With the Klondike Gold Rush, which began in 1897, as many as 100,000 people rushed north. While some stampeders travelled to the Klondike via the more expensive Yukon River route most went over one of the four Gold Rush trails near Haines, and the Canadian border. With the large influx of people came crime. Most of it consisted of property crimes such as theft, embezzlement, and con games or “sin crimes” such as illegal gambling, prostitution and illegal manufacture and sale of alcohol. Troops were needed to bring order to the territory.
The flood of people to area in southeast Alaska near the Canadian border brought attention the long dormant Alaska-Canada boundary dispute.

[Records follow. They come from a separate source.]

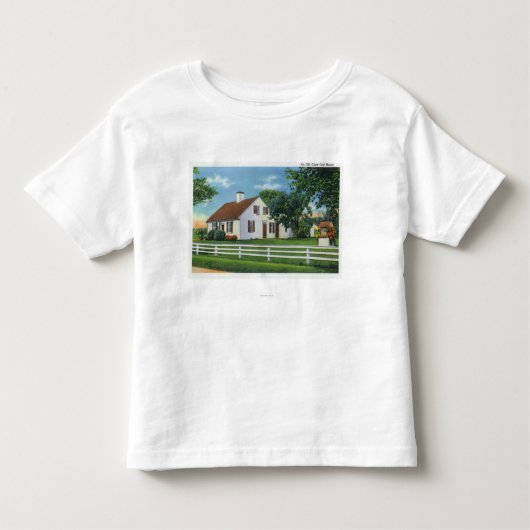 Uitzicht van een ouderwetse kabeljauw kinder shirts (Voorkant)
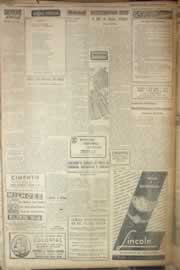Página do jornal Correio do Ceará de junho de 1954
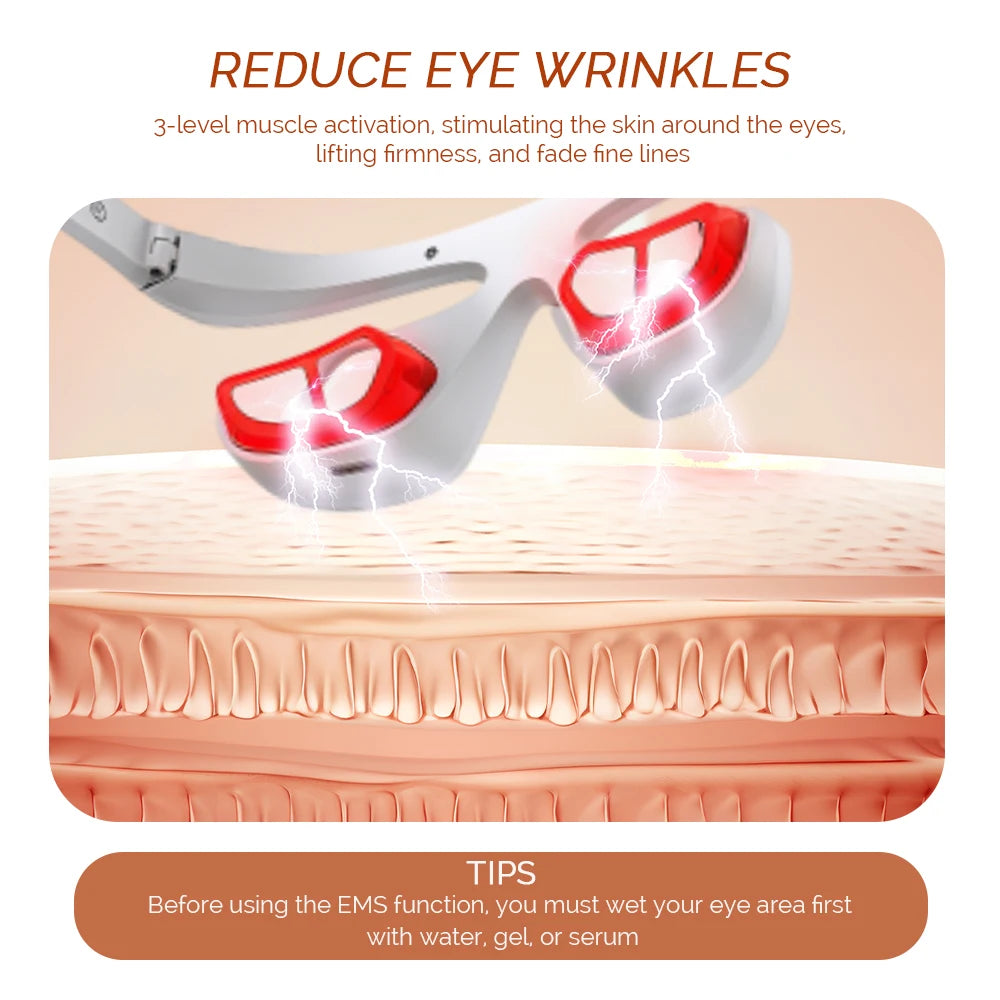 3D Red Light Eye Massager for Eye Strain and Fatigue - 9
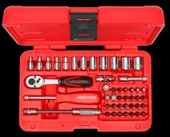 İZELTAŞ 1/4  LOKMA ANAHTAR VE BITS SETİ 45 PARÇA - 1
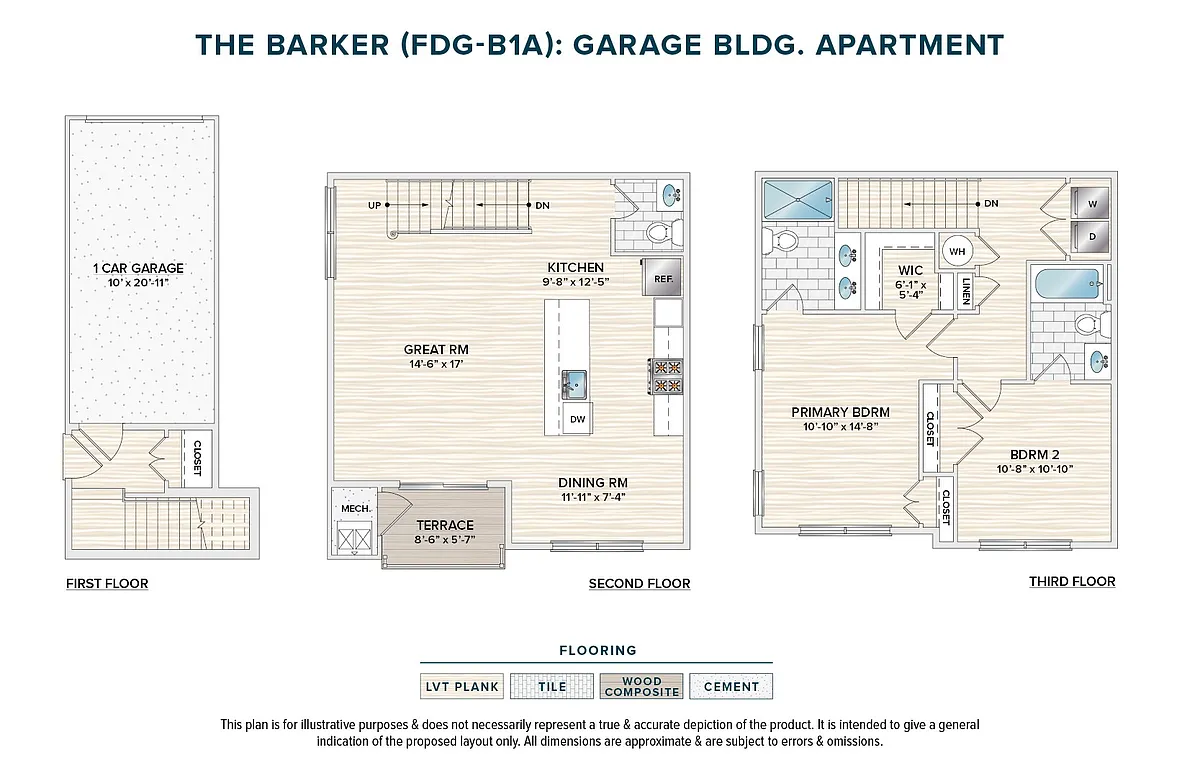 Floor plan The Barker with Garage (FDG-B1A)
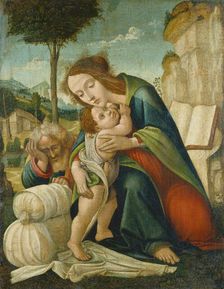 Rest on the Flight into Egypt, c1500. Creator: Florentine Master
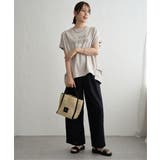 【接触冷感】ロゴフォトチュニックTシャツ | ikka | 詳細画像15
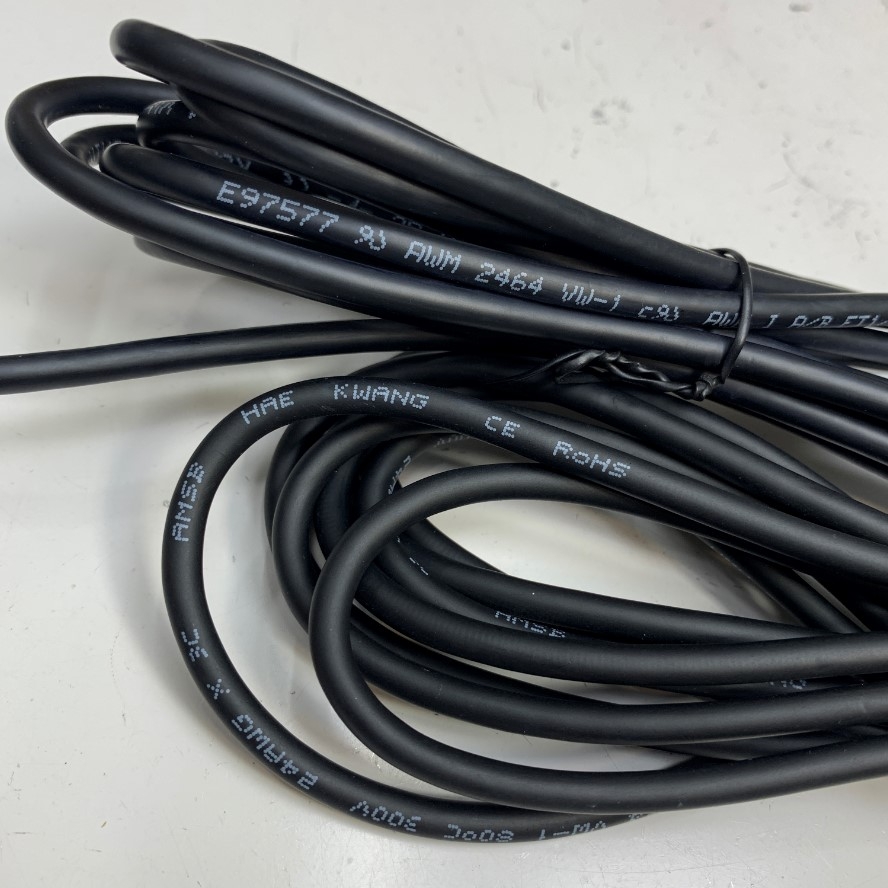 Cáp 3M 10ft DB9 M/F Serial RS232 Extension Shielded Cable HAE KWANG E97577 AWM 2464 VW-1 24AWG x 3C 80°C 300V OD Ø 5.0mm For Serial RS232 Industrial Communication witch PC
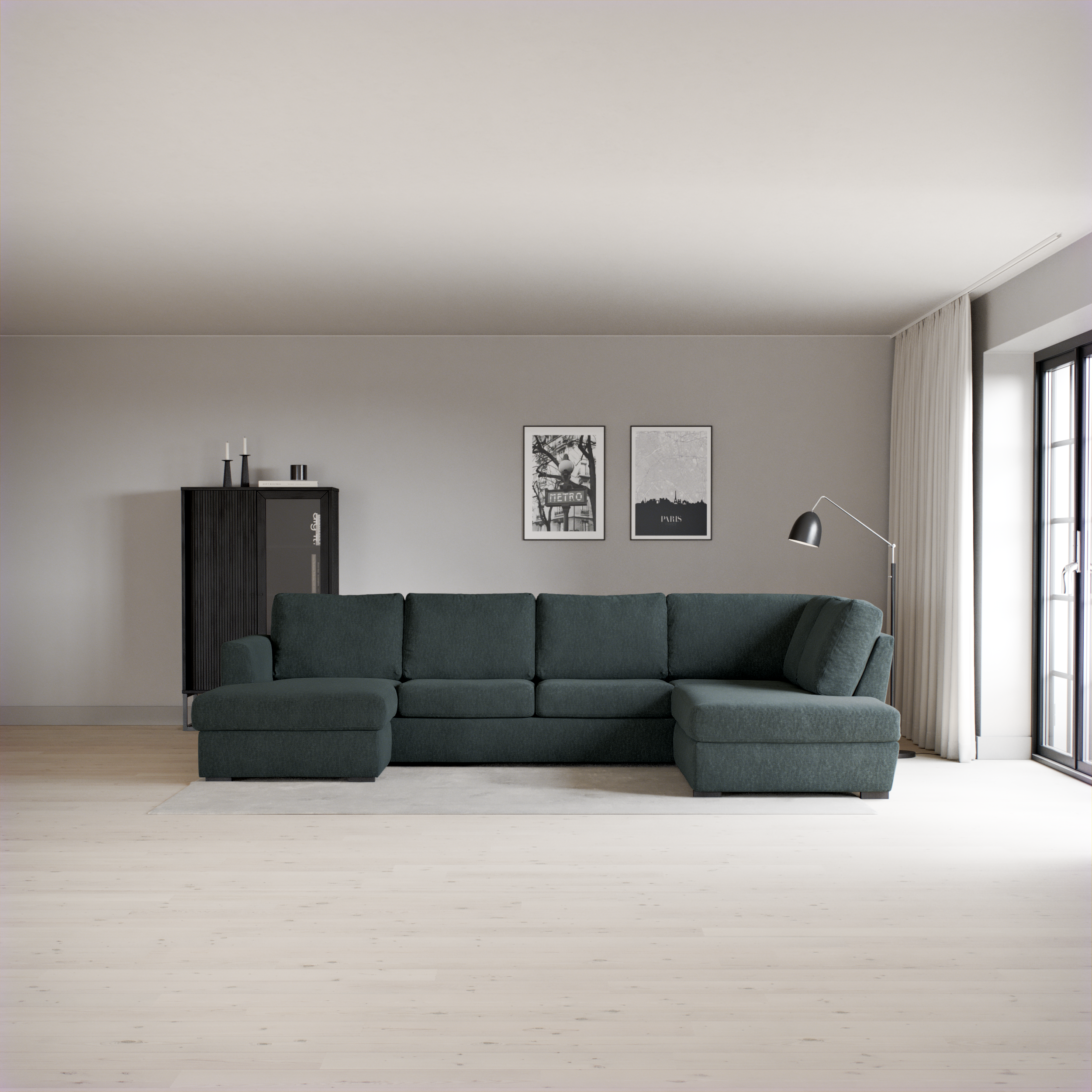 Friday - 3-sits soffa med schäslong vänster och divan höger - inspiration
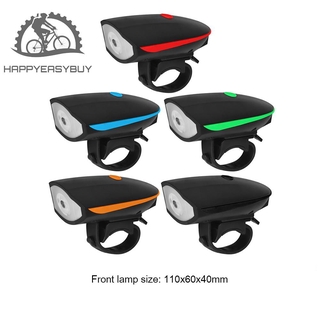 [H@Y] MTB bicicleta de montaña impermeable 5W XPG LED 3 modos faro alarma campana bicicleta linterna frontal con cuerno ciclismo (1)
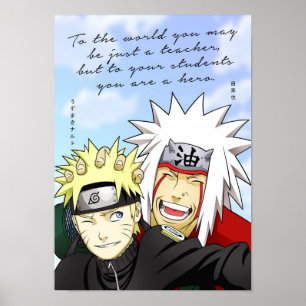 Beste Anime citeert over leraar en student Poster
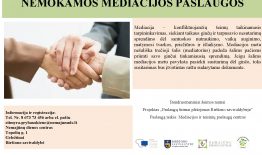 Nemokamos mediacijos paslaugos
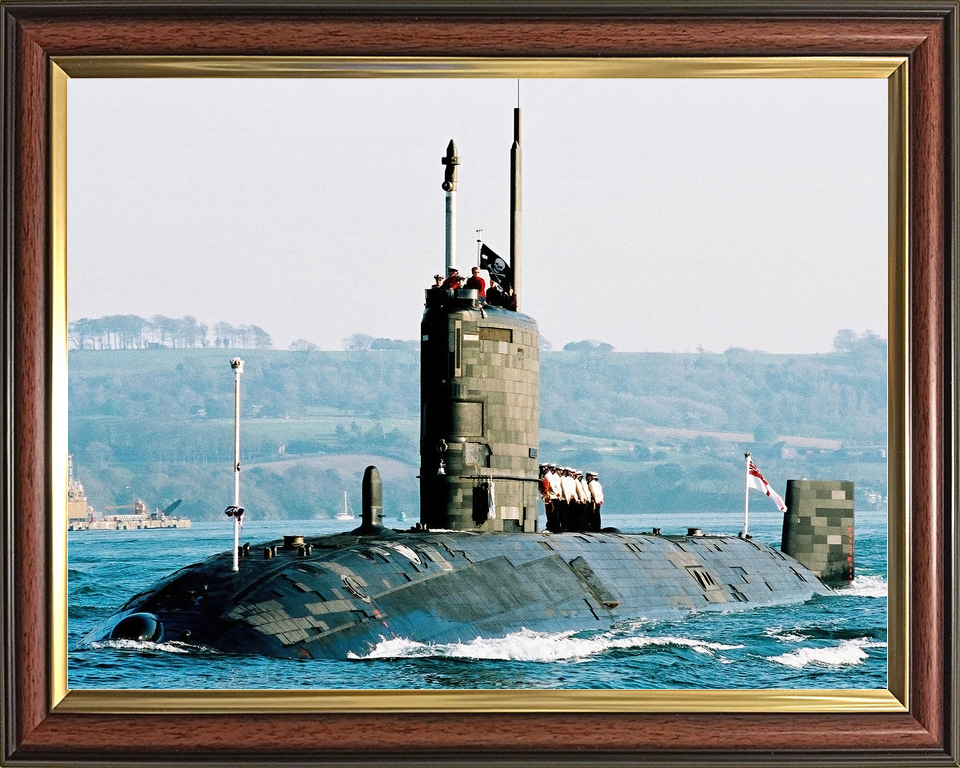 HMS Turbulent S87 Trafalgar Class Submarine Jolly Roger Photo Print - Posters, Prints, & Visual Artwork - by Hampshire Prints (image 9 of 9)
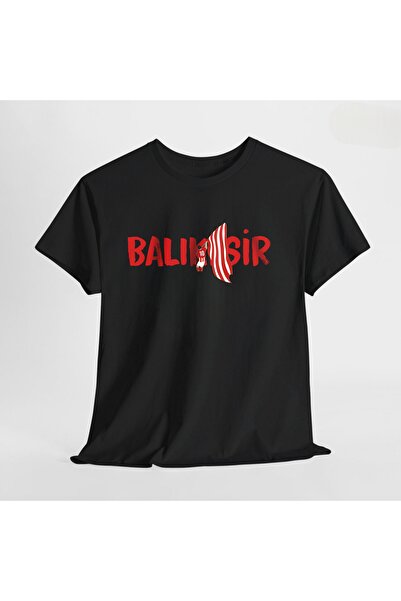 SARI Man Holding a Balikesir Flag Crewneck T-Shirt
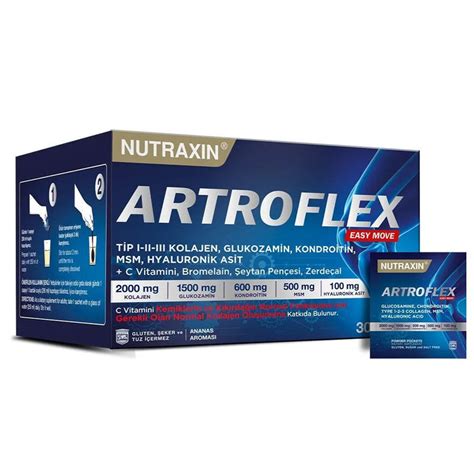 Nutraxin Artroflex Easy Move G Da Takviyesi Sa E Bonaliva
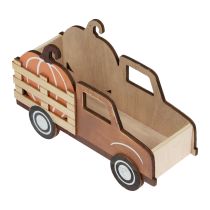 Prodotto Decorazione da tavola decorazione zucca autunnale camion per la consegna in legno 20×7,5×12,5 cm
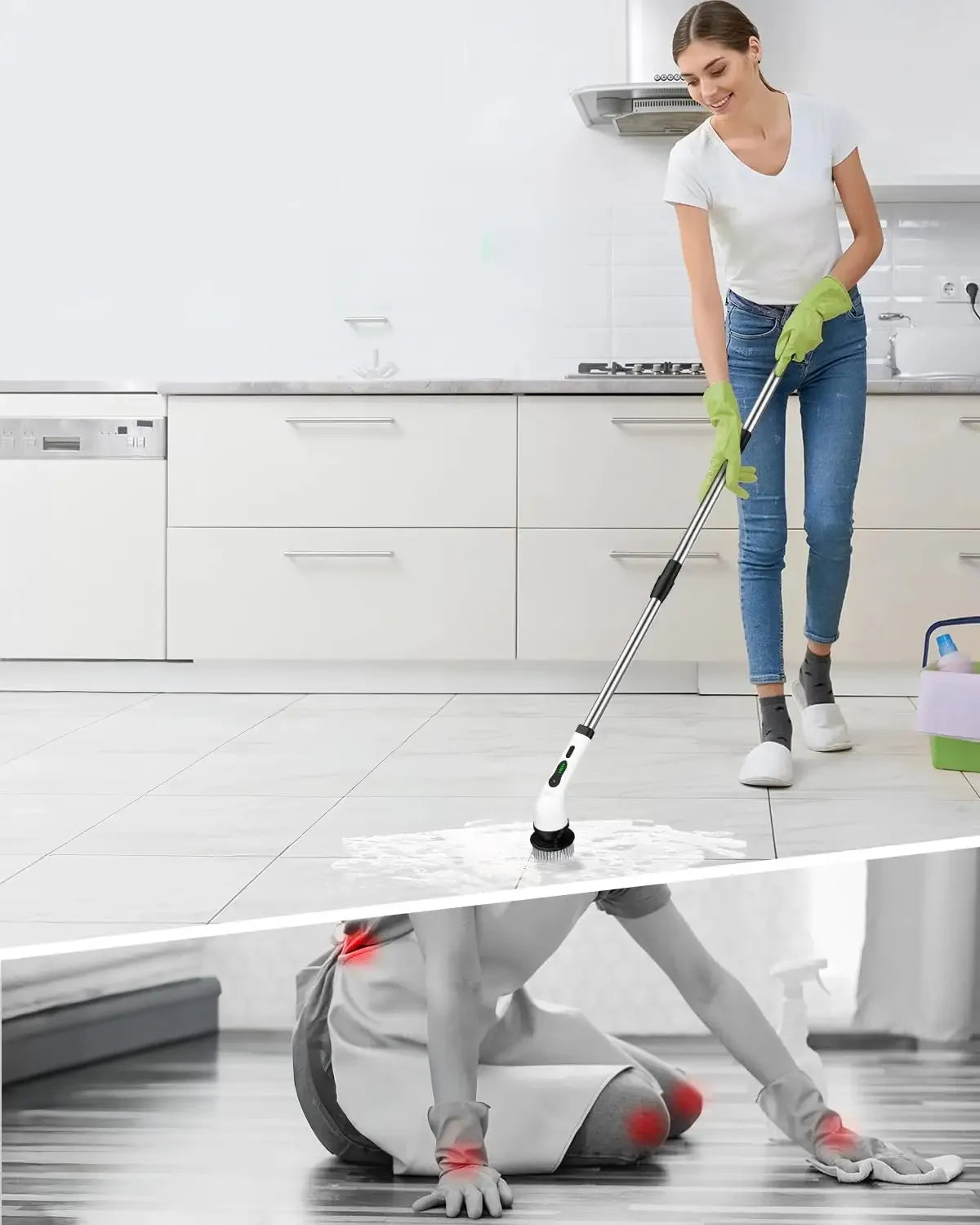 Belaidis elektrinis valymo šepetys BLOW 9in1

Fort William H. Seward was established on the Canadian side of the boundary claimed by Canada as a challenge to this claim, which was resolved in 1903 as the fort neared completion. From 1925 to 1940, Fort William H. Seward was the only active Army post in Alaska. During World War I the fort served as a training center for Alaska draftees, and during World War II the fort served as a recruitment station, rest stop, and training center for troops involved in the Aleutian Campaign and the war effort throughout the territory.